Eggandlemon Soup
- thefeelingsmutual
- May 26, 2020
- 5 min read

It’s a Sunday afternoon. My head is pounding in a beat that echoes the music in last night’s bar. I raise up a little off my pillow and feel a dull nausea sitting awkwardly alongside my hunger. I know I need food but everything I consider – fry up, pancakes, porridge, yoghurt, cereal – makes my tummy lurch. I scroll through the roller deck of recipes in my head, flipping maniacally past anything greasy or stodgy or remotely resembling junk food. And then it hits me. I want soup. Greek-style avgolemono (eggandlemon) soup, to be precise. It is clean, comforting and nourishing: it is perfect. The only problem is, I don’t know how to make it.
I reach for the phone and call my dad.
“Yia sou baba” then without pause for the answer “how do I make avgolemono soup?” I try my best to sound alive and hide the frog that has taken up residence in my throat.
“Hello, yes so first you need to get some oil, just normal vegetable oil, heat it in your big pot, then you put spring onion, then you add your chicken...chicken thighs are best, on the bone, then you don’t need stock cubes...”
He continues to reel off the recipe (with a distinct lack of timings or quantities) as I’ve heard him do a million times before – only this time I’m listening and making notes.
An hour later and I’m standing in the kitchen with a large pot bubbling away. So far it’s a near-tasteless dishwater of chicken, carrots, spring onions, celery, rice and potatoes. I stare apprehensively at the last two ingredients left to add – the all-important egg and lemon.
I take a deep breath as I recall seeing my dad teaching my mom the technique; how to gently warm the jug of whisked eggandlemon mixture with small ladles of hot broth from the pot. I can see the look of concentration on her face when she later made the soup alone, after they had separated. The dread of seeing lumpy membrane in the soup, the telltale sign of the egg being scrambled – the ultimate failure.

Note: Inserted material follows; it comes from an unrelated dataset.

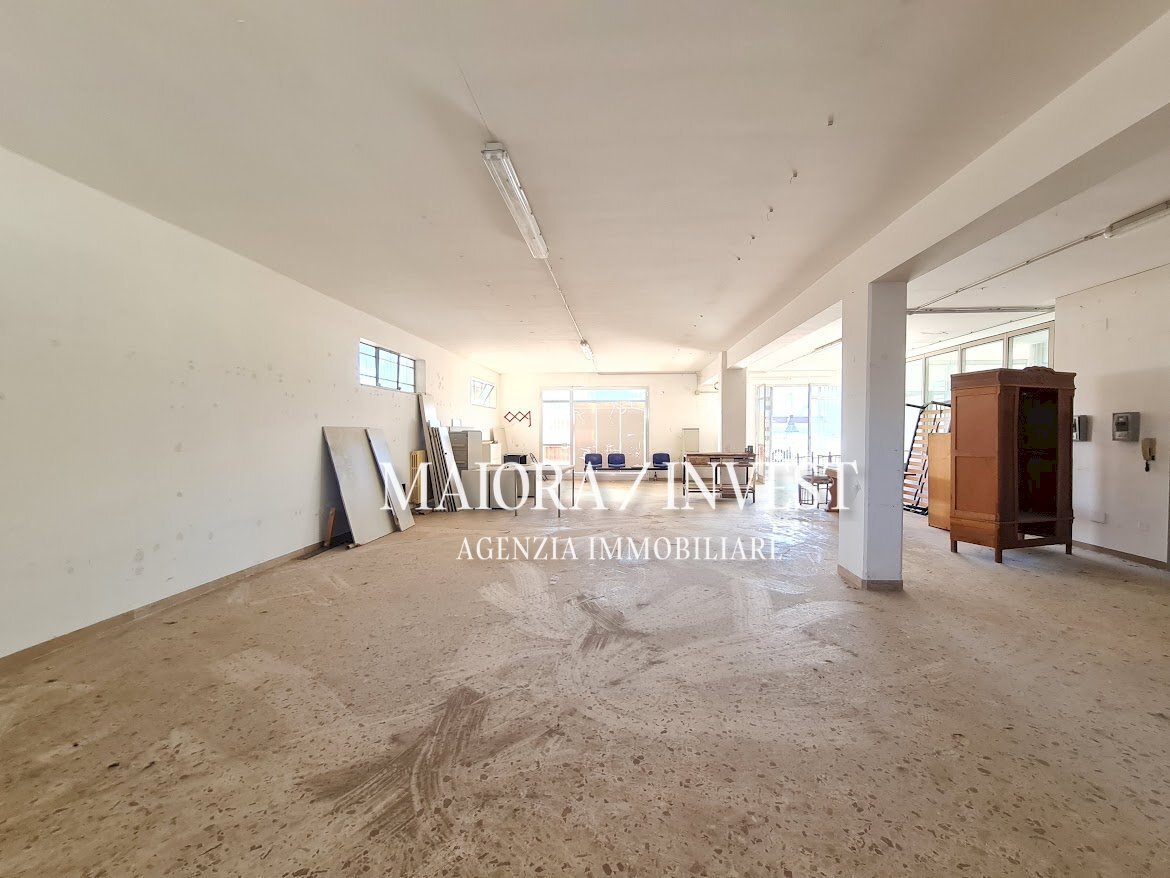 immobile in vendita2.jpg - Laboratorio Sant'Egidio alla Vibrata - foto 3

Now it is my turn, my time of reckoning. I begin to ladle in my first dose of hot soup. I picture myself standing in the dock for judgement, and look at the assembled jury. My dad who cooked this for me in our little mountain house in winter. My squishy dough yiayia standing at the wood burner stove, stirring the pot before serving up a vast bowl alongside rough-torn village bread. My great-grandmother in her black dress and headscarf feeding the two little boys at the table, hoping to soothe their fever. Perhaps my great-great-grandmother, watching her husband wolf down the soup after a long day walking the sheep for miles across the fields. And many more distant ancestors, who have cooked this dish for years before I arrived, passing it from generation to generation, clutching to their heritage while living under occupation, through wars and long winters.
So far so good. The jug has slowly filled with a tepid yellow liquid and as I pat my hand against the glass I decide that it’s ready. I remove the soup from the heat and stir, slowly pouring in the yellow mixture. I hold my breath until the last rivulet floods into the ocean of the pot. No lumps of egg in sight! A smile spreads across my cheeks as I reach for a bowl and hurriedly dish up a portion. With a last squeeze of lemon juice, I take a seat at the table and savour my first mouthful.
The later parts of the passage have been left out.